In older men TSH concentration increased over time, while FT4 concentration showed little change. Subclinical or overt hypothyroidism evolved in one fifth of initially euthyroid men, age and higher baseline TSH predicted this outcome. Increased surveillance for thyroid dysfunction may be justified in older men, especially those with high-normal TSH.
亚临床甲状腺疾病的患病率随年龄增长而增加,但最佳检测和监测策略仍不明确,尤其是对于老年男性。我们旨在评估甲状腺刺激激素(TSH)和游离甲状腺素(FT4)浓度及其纵向变化,以确定老年男性中亚临床甲状腺功能障碍的患病率和发病率。
设计、参与者和测量:对 994 名年龄≥70 岁、无已知或当前甲状腺疾病的社区居民进行纵向研究,在基线和随访时(8.7±0.9 年后)评估 TSH 和 FT4 浓度。通过逻辑回归和受试者工作特征分析检查与新发亚临床甲状腺功能障碍相关的因素。
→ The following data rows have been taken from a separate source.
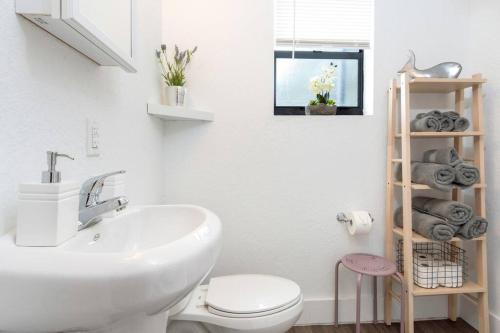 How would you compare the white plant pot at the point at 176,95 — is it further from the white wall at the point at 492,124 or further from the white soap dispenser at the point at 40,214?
the white wall at the point at 492,124

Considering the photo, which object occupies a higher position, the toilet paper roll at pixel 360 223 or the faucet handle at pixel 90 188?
the faucet handle at pixel 90 188

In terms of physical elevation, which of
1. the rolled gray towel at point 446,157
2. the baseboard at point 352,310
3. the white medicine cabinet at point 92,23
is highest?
the white medicine cabinet at point 92,23

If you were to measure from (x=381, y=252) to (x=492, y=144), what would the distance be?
0.79 metres

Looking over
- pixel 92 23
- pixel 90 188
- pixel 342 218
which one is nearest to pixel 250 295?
pixel 342 218

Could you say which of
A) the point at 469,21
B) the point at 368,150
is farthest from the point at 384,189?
A: the point at 469,21

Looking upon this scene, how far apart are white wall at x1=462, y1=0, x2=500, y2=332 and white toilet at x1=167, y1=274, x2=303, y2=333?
1.05m

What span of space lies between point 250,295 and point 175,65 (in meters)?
1.17

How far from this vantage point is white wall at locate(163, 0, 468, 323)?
1.58 metres

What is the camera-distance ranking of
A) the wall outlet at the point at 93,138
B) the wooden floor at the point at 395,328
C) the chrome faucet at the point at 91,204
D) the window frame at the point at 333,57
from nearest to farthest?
the chrome faucet at the point at 91,204
the wall outlet at the point at 93,138
the wooden floor at the point at 395,328
the window frame at the point at 333,57

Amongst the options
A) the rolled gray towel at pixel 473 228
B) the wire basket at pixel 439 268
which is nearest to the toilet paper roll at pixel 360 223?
the wire basket at pixel 439 268

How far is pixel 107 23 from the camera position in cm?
78

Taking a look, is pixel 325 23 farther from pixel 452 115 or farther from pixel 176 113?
pixel 176 113

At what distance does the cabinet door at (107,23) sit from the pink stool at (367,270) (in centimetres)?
128

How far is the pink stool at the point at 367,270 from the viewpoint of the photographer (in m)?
1.34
在基线时,85 名男性(8.6%)患有亚临床甲状腺功能减退症,10 名(1.0%)患有亚临床甲状腺功能亢进症。在 899 名基线时甲状腺功能正常的男性(平均年龄 75.0±3.0 岁)中,713 名(79.3%)保持甲状腺功能正常,180 名(20.0%)发展为亚临床/显性甲状腺功能减退症,6 名(0.7%)发展为亚临床/显性甲状腺功能亢进症。TSH 的变化与基线 TSH 相关(r=0.16,p<0.05)。FT4 的变化与基线 FT4 呈负相关(r=-0.35,p<0.05)。只有较高的年龄和基线 TSH 预测从甲状腺功能正常向亚临床/显性甲状腺功能减退的进展(每年的调整后优势比[OR]为 1.09,95%置信区间[CI]为 1.02-1.17,p=0.006;TSH 增加 2.7 倍的 OR 为 65.4,CI 为 31.9-134,p<0.001)。基线 TSH 浓度≥2.34 mIU/L 对预测亚临床/显性甲状腺功能减退的发生具有 76%的敏感性和 77%的特异性。
在老年男性中,TSH 浓度随时间增加,而 FT4 浓度变化不大。最初甲状腺功能正常的男性中有五分之一发展为亚临床或显性甲状腺功能减退症,年龄和较高的基线 TSH 预测了这一结果。对于老年男性,特别是 TSH 处于高正常值的男性,可能需要增加对甲状腺功能障碍的监测。